"Learning to Do by Doing"
Early on, Henry Ford’s vision for his Museum and Village was to provide hands-on learning opportunities for students. His philosophy of education was “learn to do by doing.” He believed that “by looking at the things that people used and how they lived, a better and truer impression can be gained than could be had in a month of reading.” It was a way of learning that Ford had experienced during his own childhood, and the way, in fact, that he himself learned best. In Henry Ford’s Edison Institute schools, students would learn not only from books, but also from objects and hands-on experiences.
Henry Ford’s School
In September 1929, Henry Ford’s Edison Institute school system began at Scotch Settlement School in Greenfield Village, with 32 grade school children. Students were taught using both traditional and progressive methods. Standard academic subjects like reading, arithmetic, geography, and science were at the core of their studies. Pupils also used the artifacts and many of the historic buildings in the village for practical learning. Girls learned housekeeping skills while boys got experience operating machinery. Only when visitors pressed for regular access was the Village formally opened to the public. Ford made it clear that, despite the presence of paying guests, there was no place off-limits to the schoolchildren.
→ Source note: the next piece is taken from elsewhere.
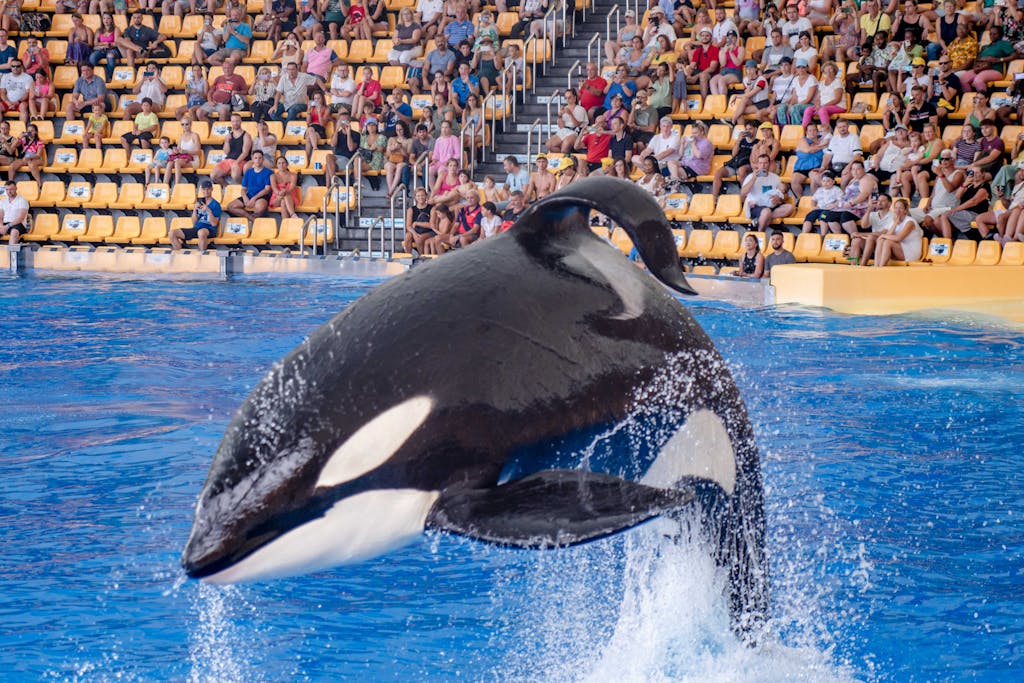 A powerful killer whale performs a jump during a marine park show with a large audience watching.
Education Through Experience
As the original students grew older, grades and buildings were added to accommodate them and other students who attended the school. A high school with classrooms in the Museum was added in 1934, with the first graduating class in 1937. The Edison Institute of Technology—a work-study engineering college—was added in 1937, with classes and labs in the Recreation Building (later called Lovett Hall). Many historic buildings in Greenfield Village accommodated full-time student activities. It was “education through experience” everywhere.
At its peak in 1940, 300 students were enrolled in the Edison Institute Schools. This school system also came to include rural schools in other parts of Michigan and other regions of the United States as well as in England and Brazil.